確かこのレヴァは、イリスさんが鍛冶の女神マキナっていう人に頼んで作ってもらった一品……って鑑定で見たな。鍛冶の女神ってぐらいだし、相当凄い人なんだと思う。
「あ、ご、ごめんね。なんか1人で思いに耽っちゃってさ。」
「いえ、全然大丈夫ですよ。それと、よかったら余ったブレアドラゴンの鱗は、ミランダさんが好きに使っちゃっていいです。」
「え゛っ!?い、いいの?」
「はい、俺が持ってても使い道とか無いですから……。」
「あっりがと〜!!絶対凄いの作るから!!」
「あ、が、頑張ってください。」
職人魂に火がついたのか、目の奥に炎を灯らせながら、ミランダさんは俺の手をぎゅっと両手で握ってきた。
「あ、そ、それとグレイスの装備ってどのぐらいでできますかね?」
「あ〜……そうだね〜。このドラゴンの鱗の解析に少し時間を使いたいから、10日ぐらいかな?も、もし完成してなかったら、ご、ごめんね?」
「急いでないので大丈夫ですよ。じゃあ10日後にまた顔を出しますね。」
「うんっ!!お願いしま〜す。」
そしてミランダさんの鍛冶屋を後にしようとすると、俺が開けようとしたドアが勝手に開き、何故かシンさんがヌッと入ってきた。
「え、シンさん?」
「ヒイラギ殿の匂いを辿って来てみれば、ここは鍛冶屋であるか。」
「に、匂いを辿ってきたって……。」
「我の鼻は、微細な匂いでも嗅ぎ分けることが可能である。故に何度も接し、匂いを覚えているヒイラギ殿の後を辿るなど容易いのだ。」
むふ〜と大きく胸を張って威張るシンさん。そんな彼を見てミランダさんが首を傾げる。
「あら、今度は獣人のお客さん?」
「あ、ミランダさん。紹介しますよこの人は……。」
「むっ、自己紹介は自分でするぞヒイラギ殿。我が名はシン。現獣人族の国王である。以降よろしく頼むのだ。」
「へっ?現……獣人族の……国王……様?」
「うむ。」
「へひゃ~……と、とんでもないお客さんが来ちゃったなぁ。」
「ヒイラギ殿の行きつけの鍛冶屋なのであれば、余程腕が良いとお見受けした。その腕を見込んで一つ頼まれて欲しいことがあるのだ。」
「な、なんでしょ~か?」
体を小刻みに振るわせて緊張気味のミランダさんへ、シンさんはマジックバッグらしきものから、粉々になった剣だったものを取り出してカウンターに置いた。

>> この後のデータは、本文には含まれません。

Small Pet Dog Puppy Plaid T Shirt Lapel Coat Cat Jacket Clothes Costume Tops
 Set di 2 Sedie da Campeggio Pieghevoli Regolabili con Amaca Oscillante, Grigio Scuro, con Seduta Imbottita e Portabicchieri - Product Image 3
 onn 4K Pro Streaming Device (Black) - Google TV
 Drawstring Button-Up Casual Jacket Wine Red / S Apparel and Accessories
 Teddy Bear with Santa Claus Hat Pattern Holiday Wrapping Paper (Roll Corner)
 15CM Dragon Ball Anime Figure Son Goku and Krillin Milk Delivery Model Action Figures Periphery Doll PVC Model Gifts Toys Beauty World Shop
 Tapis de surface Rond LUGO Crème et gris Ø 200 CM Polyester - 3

「これの修繕を頼みたい。剣の素材は魔鉱ミスリルを使っている。」
「わぁ~お……見事に粉々。魔鉱ミスリルを使ってるのにこんなに損壊するって、いったいどんなことが……。」
「ひ、ヒイラギ殿は知っておると思うが、ミクモ殿という人物といろいろあったのだ……うむ。」
「まぁでも、これなら少し形は小さくなるかもだけど、修繕はできる……かも?いや、できる。できますっ!!」
「お、おぉ……ではお願いするのだ。」
もはや原形をとどめていないシンさんの剣の修繕を快く受けたミランダさん……本当に大丈夫なのかな?一応グレイスの装備が出来上がる前に、もう一回顔を出してみることにしようと思う。